Gorter, Kaufer, Friedman and colleagues have contributed to establish that BBB dysfunction occurs in epilepsy as in multiple neurological disorders including stroke and trauma. Consequently, blood-borne molecules enter the brain and induce an injury response leading to pathological changes.^59-61 In particular, Kaufer reported evidence in collaboration with Friedman that albumin, the most abundant protein in the blood, serves as a signaling molecule to trigger the inflammatory injury response.^59-62 Upon entering the brain after vascular damage, albumin is sensed by astrocytes, apparently via binding to transforming growth factor beta receptors (TGFβR), inducing the inflammatory TGFβ signaling pathway. This sets in motion a cascade of events that represent the earliest stages of post-traumatic pathology. Astrocytes become reactive and proliferate, releasing TGFβ1 and additional pro-inflammatory cytokines that amplify the injury response throughout the brain. In turn, subsequent widespread inflammatory signaling modulates neural physiology and network connectivity, causing changes that enhance neural excitability and ultimately lead to epilepsy. It has been shown that albumin activates TGFβR in astrocytes, causing a strong pro-inflammatory response and variety of changes within the neurovascular unit, including: reactive gliosis, reduced K+ and glutamate buffering, increased excitatory synaptogenesis and aberrant neurogenesis. These changes recapitulate the major hallmarks of epileptogenesis that have been extensively documented across animal models of epilepsy and in tissue samples from patients, to provide a “missing link” for how injury triggers these pathological changes. Using bioinformatics transcriptome analysis following five diverse clinical scenarios where BBB is disrupted (stroke, trauma, chemically-induced BBB disruption, and infusion of serum albumin or TGFβ), a common transcriptional signature was discovered dependent on albumin-induced activation of TGFβ signaling. Extracellular matrix (ECM) related-genes emerged as a common transcriptional response, predicting consequent degradation of ECM.⁶² Indeed, exposure of brain environment to albumin led to persistent degradation of perineuronal nets (PNNs, a protective ECM structure that provide synaptic stability and restrict reorganization of inhibitory interneurons) via activation of TGFβ signaling.
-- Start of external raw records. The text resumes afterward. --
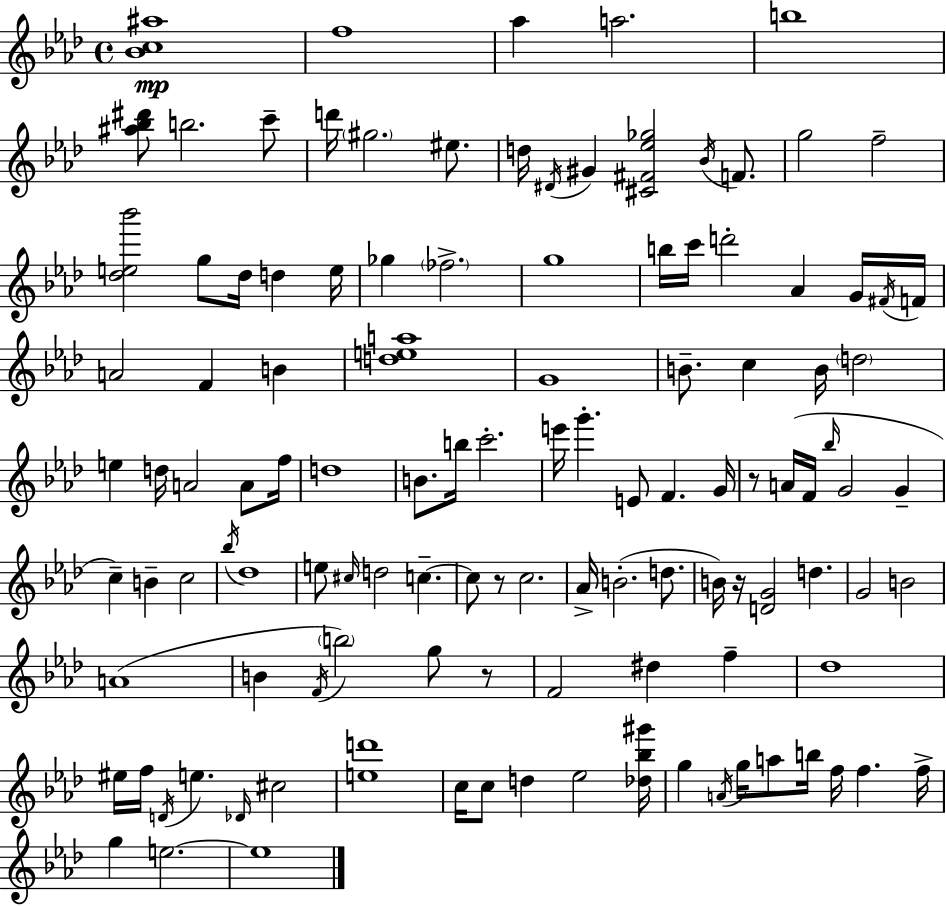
{
  \clef treble
  \time 4/4
  \defaultTimeSignature
  \key aes \major
  \repeat volta 2 { <bes' c'' ais''>1\mp | f''1 | aes''4 a''2. | b''1 | \break <ais'' bes'' dis'''>8 b''2. c'''8-- | d'''16 \parenthesize gis''2. eis''8. | d''16 \acciaccatura { dis'16 } gis'4 <cis' fis' ees'' ges''>2 \acciaccatura { bes'16 } f'8. | g''2 f''2-- | \break <des'' e'' bes'''>2 g''8 des''16 d''4 | e''16 ges''4 \parenthesize fes''2.-> | g''1 | b''16 c'''16 d'''2-. aes'4 | \break g'16 \acciaccatura { fis'16 } f'16 a'2 f'4 b'4 | <d'' e'' a''>1 | g'1 | b'8.-- c''4 b'16 \parenthesize d''2 | \break e''4 d''16 a'2 | a'8 f''16 d''1 | b'8. b''16 c'''2.-. | e'''16 g'''4.-. e'8 f'4. | \break g'16 r8 a'16( f'16 \grace { bes''16 } g'2 | g'4-- c''4--) b'4-- c''2 | \acciaccatura { bes''16 } des''1 | e''8 \grace { cis''16 } d''2 | \break c''4.--~~ c''8 r8 c''2. | aes'16-> b'2.-.( | d''8. b'16) r16 <d' g'>2 | d''4. g'2 b'2 | \break a'1( | b'4 \acciaccatura { f'16 }) \parenthesize b''2 | g''8 r8 f'2 dis''4 | f''4-- des''1 | \break eis''16 f''16 \acciaccatura { d'16 } e''4. | \grace { des'16 } cis''2 <e'' d'''>1 | c''16 c''8 d''4 | ees''2 <des'' bes'' gis'''>16 g''4 \acciaccatura { a'16 } g''16 a''8 | \break b''16 f''16 f''4. f''16-> g''4 e''2.~~ | e''1 | } \bar "|."
} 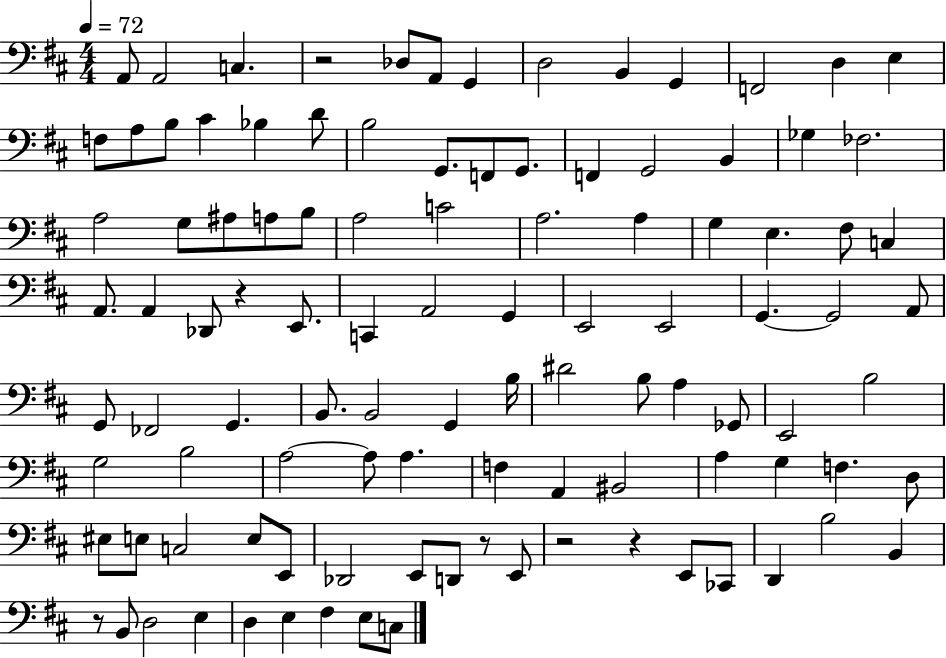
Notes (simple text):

A2/e A2/h C3/q. R/h Db3/e A2/e G2/q D3/h B2/q G2/q F2/h D3/q E3/q F3/e A3/e B3/e C#4/q Bb3/q D4/e B3/h G2/e. F2/e G2/e. F2/q G2/h B2/q Gb3/q FES3/h. A3/h G3/e A#3/e A3/e B3/e A3/h C4/h A3/h. A3/q G3/q E3/q. F#3/e C3/q A2/e. A2/q Db2/e R/q E2/e. C2/q A2/h G2/q E2/h E2/h G2/q. G2/h A2/e G2/e FES2/h G2/q. B2/e. B2/h G2/q B3/s D#4/h B3/e A3/q Gb2/e E2/h B3/h G3/h B3/h A3/h A3/e A3/q. F3/q A2/q BIS2/h A3/q G3/q F3/q. D3/e EIS3/e E3/e C3/h E3/e E2/e Db2/h E2/e D2/e R/e E2/e R/h R/q E2/e CES2/e D2/q B3/h B2/q R/e B2/e D3/h E3/q D3/q E3/q F#3/q E3/e C3/e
Exposure of the brain environment to either albumin or TGFβ1 was sufficient to induce both epileptiform activity and delayed spontaneous seizures. Importantly, blocking TGF signaling prevented most albumin-induced hallmarks of epileptogenesis including TGF signaling, transcriptome-wide changes, synaptogenesis, neurogenesis, perineuronal net (PNN) degradation, hyperexcitability and seizures.^{59-61; 63; 64} Ongoing research evaluates the efficacy of multiple small molecules TGFβ signaling inhibitors in blocking or reversing the effects of BBB disruption on neuropathology, excitability, epilepsy development and cognitive functions.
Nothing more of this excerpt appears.